ASSIGNMENT: Transcribe, exactly and without pictures, the lines below from the line with "公寓31半地下室带淋浴" to the line with "Standing Bear Studio", both ends included, and no others.

DATA SUPPLIED:

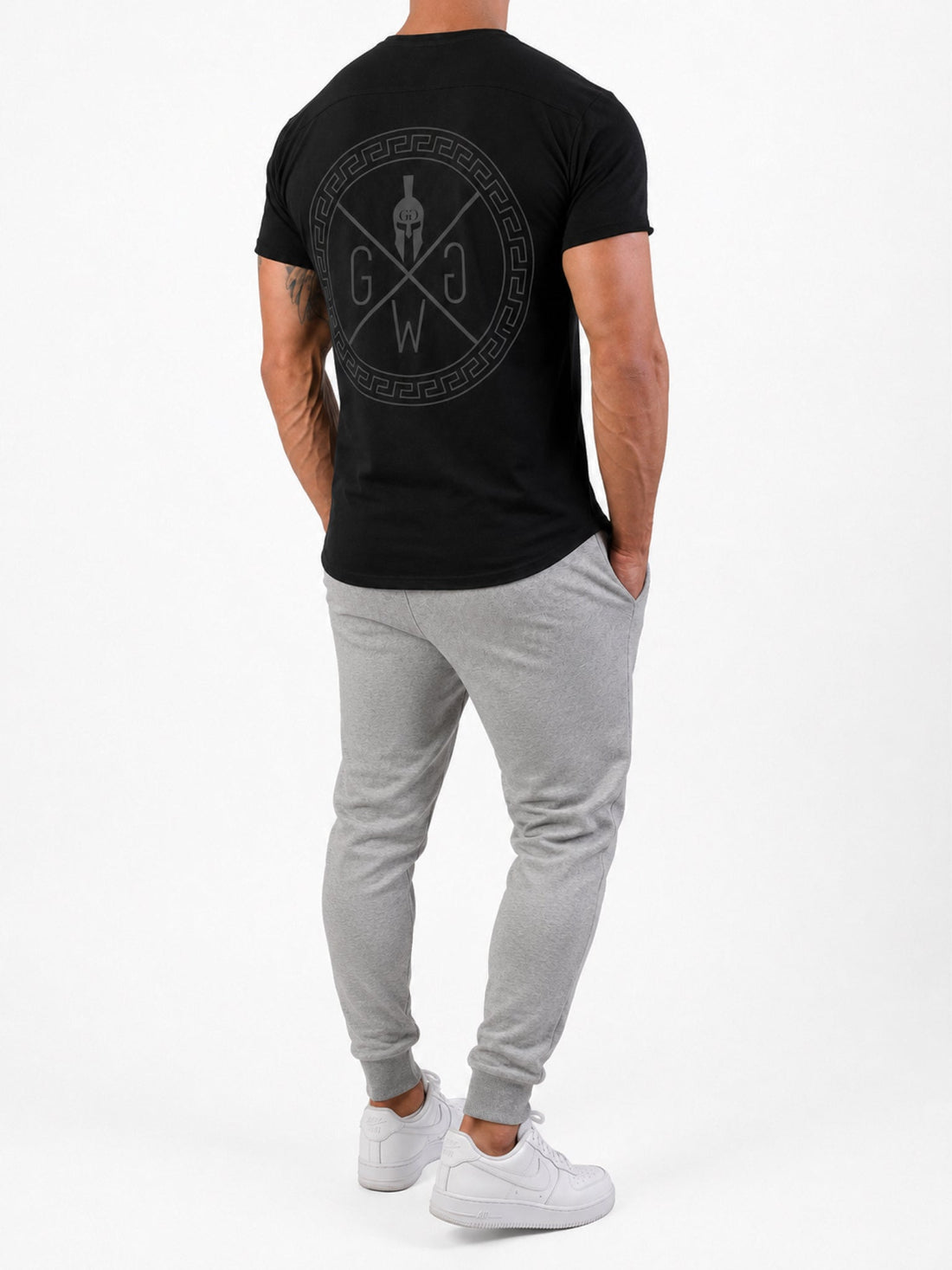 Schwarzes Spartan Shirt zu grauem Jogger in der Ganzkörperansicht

* * *

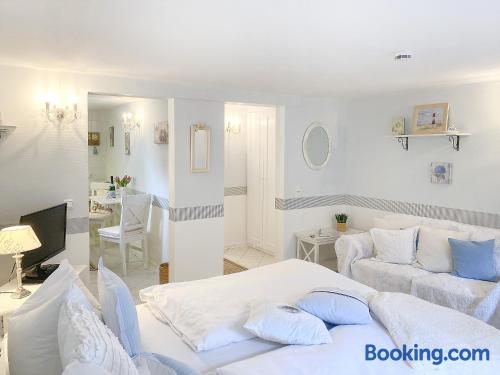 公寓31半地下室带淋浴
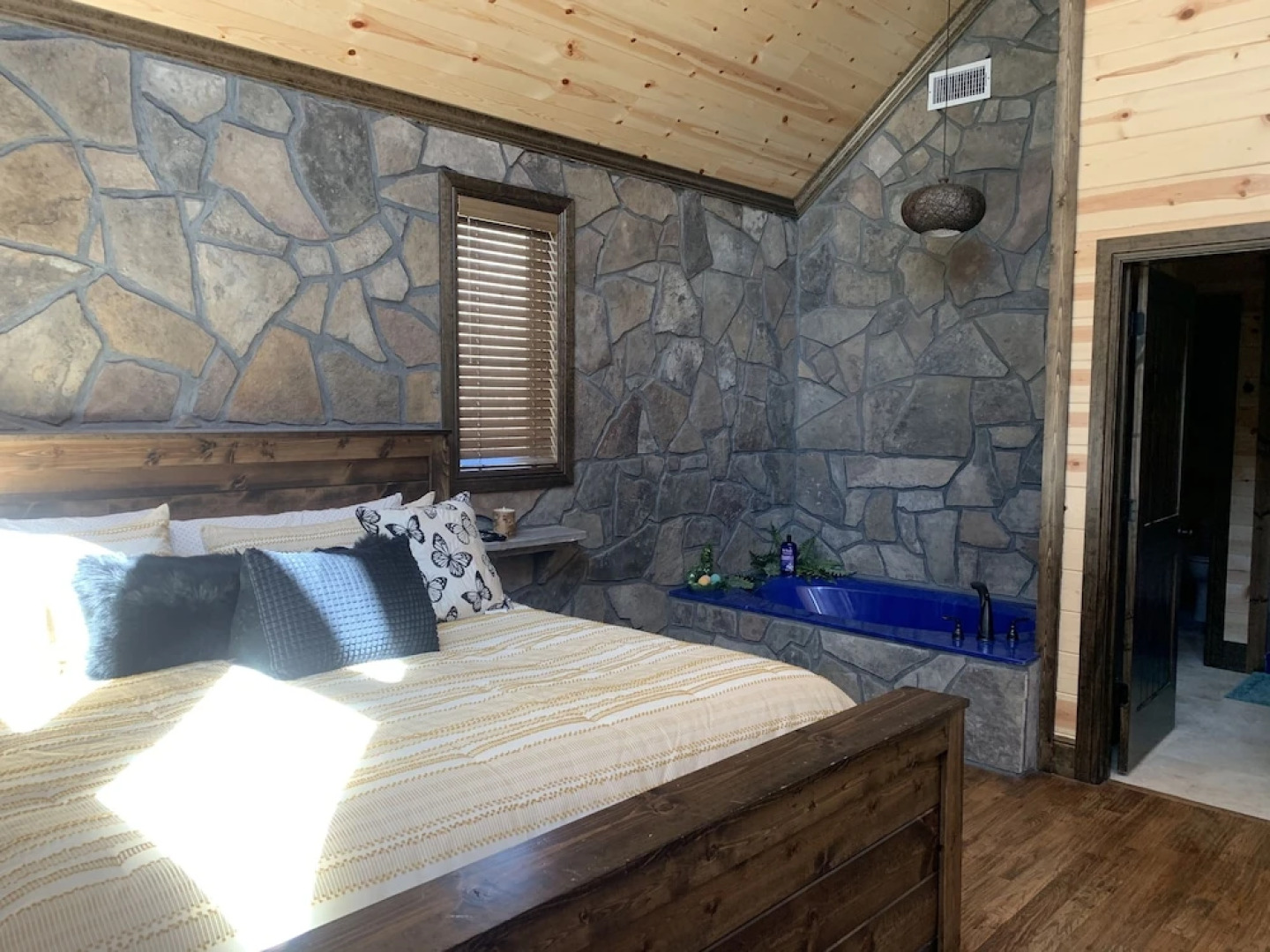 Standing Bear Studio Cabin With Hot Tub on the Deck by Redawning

PROBLEM SOLUTION:
 公寓31半地下室带淋浴
 Standing Bear Studio Cabin With Hot Tub on the Deck by Redawning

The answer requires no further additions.